Exercise details: Retype each line below precisely.

Crawled caption data
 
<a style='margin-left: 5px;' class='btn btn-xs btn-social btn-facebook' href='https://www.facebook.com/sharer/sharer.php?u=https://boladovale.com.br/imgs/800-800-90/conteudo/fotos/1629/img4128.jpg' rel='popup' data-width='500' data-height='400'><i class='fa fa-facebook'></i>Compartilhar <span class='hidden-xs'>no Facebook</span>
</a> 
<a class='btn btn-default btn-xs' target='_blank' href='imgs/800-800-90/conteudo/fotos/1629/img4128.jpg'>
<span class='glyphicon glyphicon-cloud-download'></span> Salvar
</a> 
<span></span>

Written solution:
<a style='margin-left: 5px;' class='btn btn-xs btn-social btn-facebook' href='https://www.facebook.com/sharer/sharer.php?u=https://boladovale.com.br/imgs/800-800-90/conteudo/fotos/1629/img4128.jpg' rel='popup' data-width='500' data-height='400'><i class='fa fa-facebook'></i>Compartilhar <span class='hidden-xs'>no Facebook</span>
</a> 
<a class='btn btn-default btn-xs' target='_blank' href='imgs/800-800-90/conteudo/fotos/1629/img4128.jpg'>
<span class='glyphicon glyphicon-cloud-download'></span> Salvar
</a> 
<span></span>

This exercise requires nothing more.